Magistrate holds that none of the many charges against 40-year-old Romeo Bone had stood up to scrutiny

A criminal case against a Floriana man who was accused of participating in the 2007 Portomaso jewellery heist has collapsed, a magistrate holding that none of the many charges against him had stood up to scrutiny.

40-year-old Romeo Bone from Floriana had been accused of carrying out the armed robbery of the Luxe Pavilion Diamonds International outlet in Portomaso, St. Julians in February 2007, in which almost €233,000 worth of jewellery was stolen.

He had faced a plethora of charges, which included theft aggravated by violence, means, time and value of the thing stolen, illegal arrest and possession of a firearm during the commission of a crime.

Witnesses had testified that two men, their faces obscured with nylon tights had held up the shop with a revolver on the 8th February 2007 at around 7:50pm. One man had stood by the door while the other ransacked the shop’s safe.

But Magistrate Neville Camilleri, presiding the court of magistrates as a court of criminal judicature, had not been provided with unambiguous evidence pointing to the men’s guilt.

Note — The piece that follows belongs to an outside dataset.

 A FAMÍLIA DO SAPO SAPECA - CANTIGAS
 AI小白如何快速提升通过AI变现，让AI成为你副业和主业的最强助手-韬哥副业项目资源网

There had been no forensic evidence linking Bone to the crime, noted the court, and Bone had only been arrested and charged after his fingerprint was found on the battery of a van parked in front of the police car at the police station, blocking its exit.

Further compounding the prosecution’s problems was the fact that the accused had not been selected by either one of the shop assistants in several identification parades.

Witnesses had testified that the accused resembled as the person wearing the tights over his face, waiting for his accomplice to exit the shop but had contradicted each other with regards to whether the robbers had been wearing boiler suits or security guard uniforms while carrying out the heist. One shop assistant had told the court that the accused could not have been the person who had robbed her at gunpoint, as his stature was different.

The court, bearing this in mind, held that none of the accusations levelled against Bone had been sufficiently proven and ordered his release.

Lawyer Kathleen Grima was defence counsel to Bone.